The first one, and the one I chose, is “vanilla” k8s. This is the default distribution, with full support for all the related standards and functionality.
Another well-liked one is k3s, which bills itself as a
lightweight distribution. Its most distinguishing feature seems to be the
fact that its control plane comes along as a single binary, instead of an entire
set, as in the case of vanilla k8s.
Also in contrast to k8s, it uses a simple SQLite database as a storage backend
for cluster data, instead of a full etcd
cluster.
It also falls into the “opinionated” part of the tech spectrum. Instead of
telling you to make a choice on things like CNI and CRI, it already comes
with some options out of the box. Flannel is pre-chosen as a CNI plugin,
while e.g. Traefik is already set up as an Ingress Controller.
If you want to go even further from vanilla, there’s also things like Talos Linux. It’s an entire Linux distro made with only one goal: Running a Kubernetes cluster. It doesn’t even allow you to SSH into it.
For now, I will stay with vanilla k8s, which I will install with kubeadm
. Simply
because I like making the “vanilla” experience my first contact with some tech.
I also prefer being forced to make my own decisions on tools, so that I am forced
to inform myself about the alternatives. Once I’ve completed my current experimentation,
I will likely at least take another look at Talos OS. Its premise sounds quite
interesting, especially with the declarative config files, but the “no SSH”
is honestly somewhat weird for me.
The next choice to be made is the CRI, the container runtime. The only thing I knew going into this is that I did not want to go with Docker. Too many bad experiences with memory leaks and other shenanigans with their daemon. After some research, my choice fell on CRI-O. To be honest, mostly because it bills itself as a container engine focused on use with Kubernetes.
Next is the CNI plugin. This is the piece of the Kubernetes stack which controls networking, most importantly inter-Pod networking. With this, I had my biggest problem to choose. The websites of all of them are chock-full of buzzwords. eBPF! It’s better than sliced bread! 😒 In the end, my decision was between Cilium and Calico. The one thing I was really interested in and I definitely wanted was Network Policies. Those allow defining rules for inter-Pod connectivity, allowing me to define which pods can talk with each other. I like having this for the sake of security, so that e.g. only the apps which actually need a DB can talk to the Postgres pod. In my current HashiCorp Nomad based cluster, I’ve got something similar using Consul’s service mesh. One more thing I find pretty nice is that both Calico and Cilium support encryption.
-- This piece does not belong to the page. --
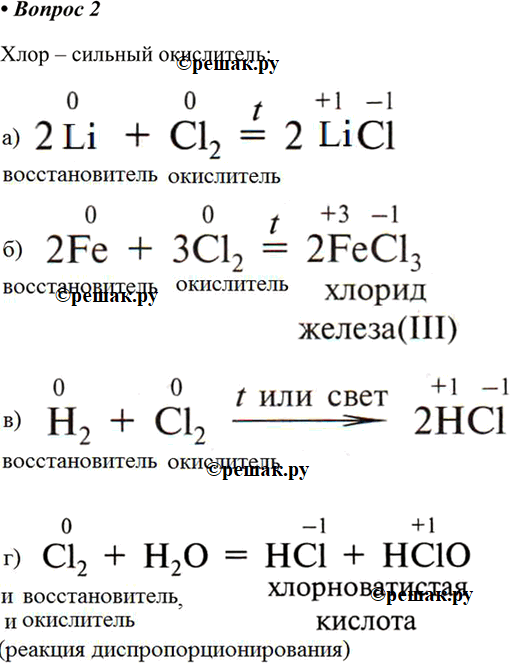 Изображение 2. Охарактеризуйте основные химические свойства хлора. Составьте уравнения химических...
This was another reason for why I started using Consul: It provides me with encrypted network traffic, without me having to setup TLS certs for each individual service. In the end, even after reading through most of the docs for both Calico and Cilium, I didn’t know which one to choose. So I did the obvious thing:
And that’s how I came to use Cilium as the CNI plugin in my cluster. 😅
Without further ado, let’s conjure ourselves a Kubernetes cluster. 🤓
Preparing the machines
Before we can actually call kubeadm init
, we need to install the tools on the
machines and do some additional config. For most of the setup, I followed the
official Kubernetes kubeadm docs.
Before installing the tools, a couple of config options need to be set on the machines, defined here.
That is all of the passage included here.